A rilevarlo è l'Istat - Istituto nazionale di statistica - che evidenzia anche la flessione della disoccupazione giovanile, ovvero la fascia d'età tra a i 15 e i 24 anni, in calo di 1,3 punti percentuali su base mensile, portandosi al 27,1%. Anche qui si parla di tasso più basso dall'agosto del 2010.
Gli occupati su base mensile aumentano nella fascia ultracinquantenni (+34mila), mentre calano nelle altre classi d'età, in particolare nella fascia giovanile (-23mila). La crescita di dipendenti occupati riguarda soprattutto i permanenti (+27mila), mentre calano (-33mila) gli indipendenti.
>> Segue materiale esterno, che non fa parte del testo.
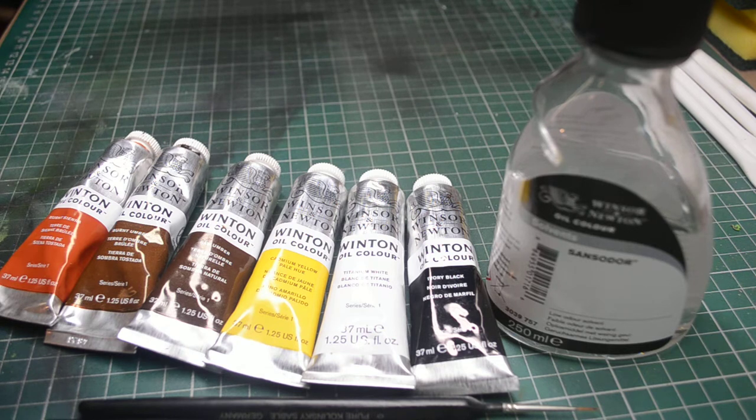Hello and welcome to the PaintPod. Today we're going to look at weathering using oil paints, which is a very versatile medium and when you've had a bit of practice at it, it's probably for my money one of the best ways of applying weathering to your models.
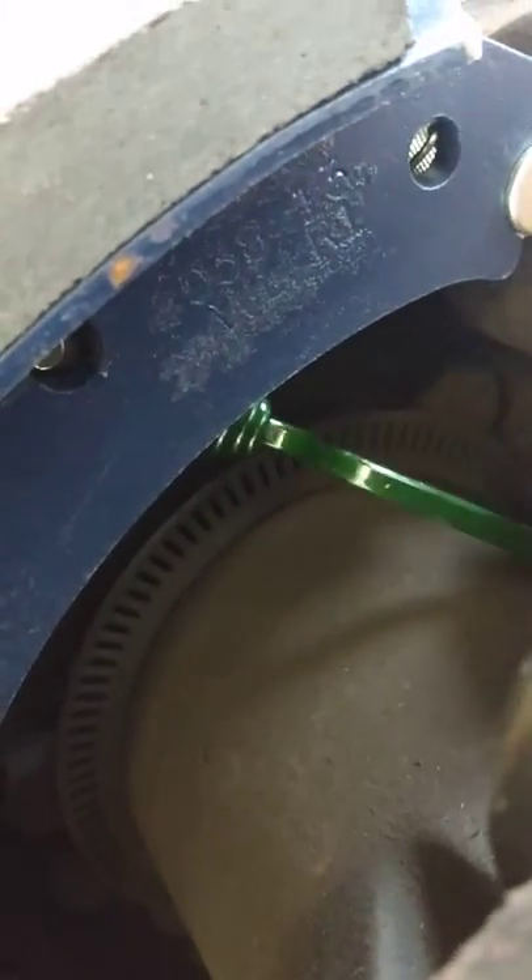Snap both your springs on in the back here. If you can't figure out how to get that done, you probably shouldn't be doing this. Hook your brake spring on there.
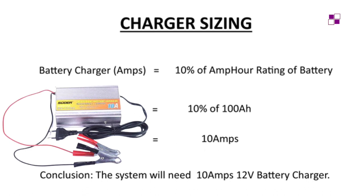The last component to size is the charger. Chargers are rated in amps. For these calculations, the charger should be 10% of the amp-hour rating of the battery. Since I'm using a 100 Ah battery, 10% of 100 gives me 10 amps. So the system needs a 10A 12V battery charger, which will fully charge the battery in 10 hours.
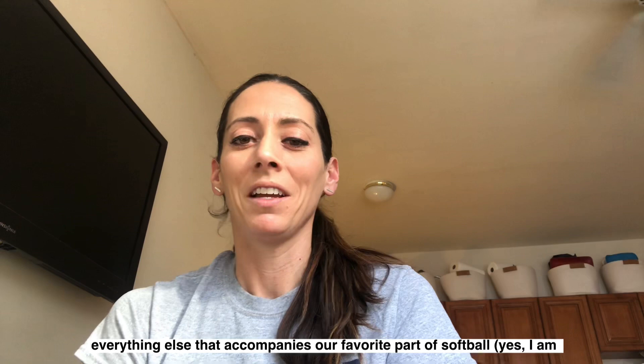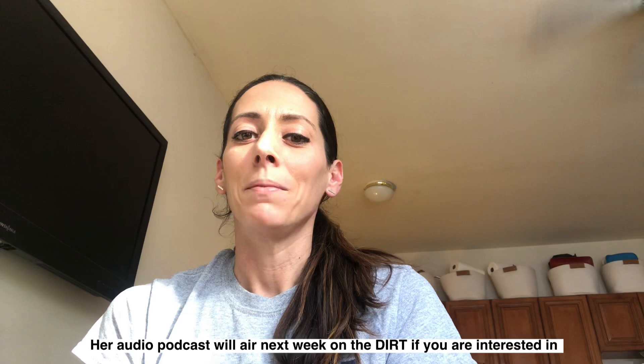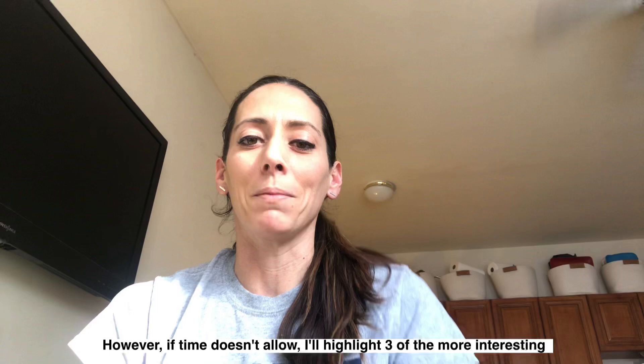This past Wednesday, Erica was interviewed by NFCA National Fast Pitch Coaches Association Director of Education, Joanna Lane, about her favorite topic, pitching. Her audio podcast will air next week on The Dirt if you are interested in learning more. However, if time doesn't allow, I'll highlight three or more of the interesting topics that I believe will be most applicable to you.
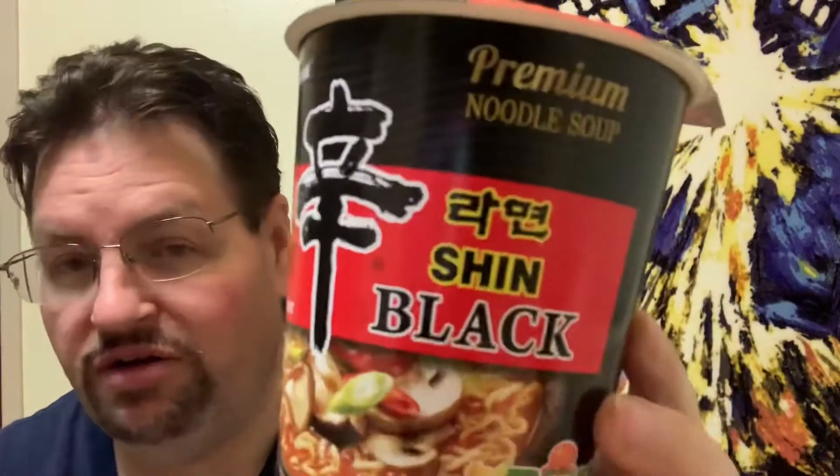I don't always drink all the broth, so it's not that bad. I ran across this one and thought I'd give it a try. I've seen it quite a few times but almost forgot I had it — I went to Winco several months back and it was in the back of the cupboard. This is by Nongshim — it's a Premium Noodle Soup, Shin Black Spicy Pot-a-Fu flavor. The bad news: 450 calories for the whole container and 1,480 milligrams of sodium.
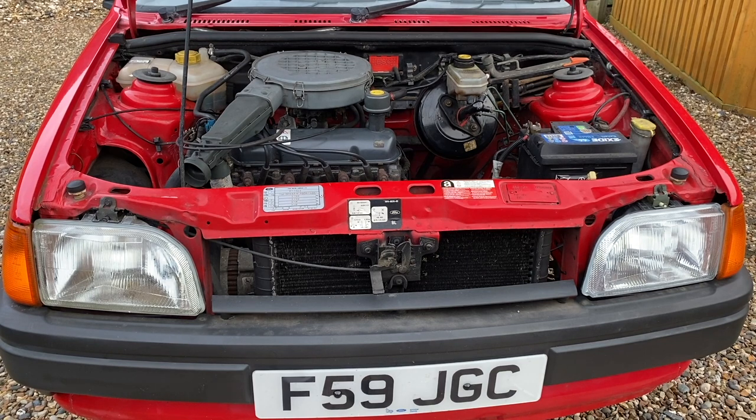Now I think it might be time to give it a little start — just check there are no leaks coming from that gasket and check the headlights work.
I disoccupati - coloro che sono in cerca di occupazione - nel mese di agosto sono in calo, scesi del 3,4% (ovvero - 87mila persone). Dopo cinque mesi di stabilità però crescono gli inattivi - colore che non lavoro ma non cercano neanche occupazione -, soprattutto nella fascia d'età tra i 15 e i 64 anni, aumentando di circa 73mila unità dal mese precedente, quello di luglio.
Da evidenziare anche l'aumento di chi ha un impiego tra la popolazione femminile (+3 mila) a fronte di un calo per gli uomini (-4mila).
Nel frattempo in Germania il tasso di disoccupazione a settembre è rimasto invariato al 5%, rispetto al mese precedente, sotto il minimo record del 4,9% toccato quest'anno nei mesi scorsi.